**Instructions for the task**: From the entries below, reproduce exactly the line containing "Then I'm going", the line containing "We're going to", and every line in between, with nothing added.

**Dataset**:
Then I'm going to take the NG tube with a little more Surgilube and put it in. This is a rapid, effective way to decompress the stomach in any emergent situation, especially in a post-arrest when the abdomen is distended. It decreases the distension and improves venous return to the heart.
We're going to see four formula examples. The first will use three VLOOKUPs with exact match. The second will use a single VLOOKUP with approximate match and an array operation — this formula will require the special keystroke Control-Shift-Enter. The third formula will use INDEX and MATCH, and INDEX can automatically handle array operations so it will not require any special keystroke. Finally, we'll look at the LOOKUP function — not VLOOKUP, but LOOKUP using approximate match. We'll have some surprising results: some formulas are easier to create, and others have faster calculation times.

---

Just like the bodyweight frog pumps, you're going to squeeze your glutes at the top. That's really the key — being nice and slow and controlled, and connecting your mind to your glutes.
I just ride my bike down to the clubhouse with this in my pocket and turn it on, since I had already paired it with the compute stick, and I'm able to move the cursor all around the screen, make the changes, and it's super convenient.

**Reply to the task**:
Then I'm going to take the NG tube with a little more Surgilube and put it in. This is a rapid, effective way to decompress the stomach in any emergent situation, especially in a post-arrest when the abdomen is distended. It decreases the distension and improves venous return to the heart.
We're going to see four formula examples. The first will use three VLOOKUPs with exact match. The second will use a single VLOOKUP with approximate match and an array operation — this formula will require the special keystroke Control-Shift-Enter. The third formula will use INDEX and MATCH, and INDEX can automatically handle array operations so it will not require any special keystroke. Finally, we'll look at the LOOKUP function — not VLOOKUP, but LOOKUP using approximate match. We'll have some surprising results: some formulas are easier to create, and others have faster calculation times.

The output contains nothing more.